With most partners I have been able to fairly readily resolve the situation by abjectly apologising. It’s usually not quite as simple as that might make it sound, as it normally involves a bit of time, and lots of repetitions of my apologies.
However, that’s the easy situation. My partner was prepared to talk to me about it, and to hear me out, and we were able to resolve the problem I created in a civilised and reasonably prompt way.
Unfortunately, I have had a couple of partners where that easy situation was never available. In both cases they were long-term partners (not necessarily either of my 2 spouses, by the way) whose first reaction whenever a serious problem came up between us (and I am talking about when I did something that my partner did not like) was to clam up and refuse to discuss the issue.

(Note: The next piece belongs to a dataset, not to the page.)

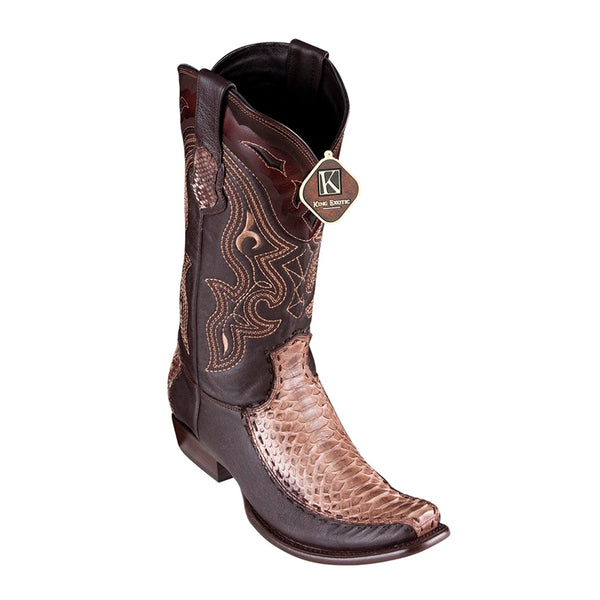 Men's King Exotic Python Boots With Deer Dubai Toe Handcrafted Rustic Brown (479F5785)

And I’m not talking about clamming up for a few minutes or so. I’m talking about not wanting to ever discuss the issue, or at least not for a few days.
That, of course, goes against all of the sensible advice you may have heard about not letting things fester, or not going to sleep before an issue has been resolved.
Letting problems fester really is not good, not for the mental health of anyone, not for the long-term health of the relationship.
So, my first bit of advice is to never be the partner who clams up. If that has been your practice, please heed my advice and stop doing it.
I might mention that one of my partners who used to clam up on me was one of my first relationships. We occasionally had conflicts where she would clam up. Somehow we got over those conflicts, although I now can’t recall how we did it, or how long it took. I can recall that it took some time each time, and that in cases where I could see a way to resolve the problem (which was usually by me being willing to abjectly apologise for saying something that I shouldn’t have said), I felt pretty miserable knowing that there was a way forward if only … There came a time when I had to make a decision as to whether to sound out my partner about marriage. She was someone I knew I loved.
There were 2 problems: I wasn’t sure that she really loved me, and without knowing that, I wasn’t sure we could survive long-term given how we resolved conflict between us. In the end I decided it was too big a risk to take, and our relationship ended soon afterwards. Although I can’t say this definitively now, I am pretty certain I would have been prepared to take my chances on the first problem if the second problem hadn’t existed. (I note that elsewhere on this website I have suggested that I was asking the wrong question myself back then, as I should really have been asking whether there was sufficient mutual like and respect. One lives, one learns.)
What can you do if it is your partner that has clammed up ? As I’ve just mentioned, I can’t remember how we got things back on track with the first partner I had who used to clam up. But I am pretty certain that there was no magic formula way – it was just something that we both just eventually got over, so sorry, that’s completely unhelpful.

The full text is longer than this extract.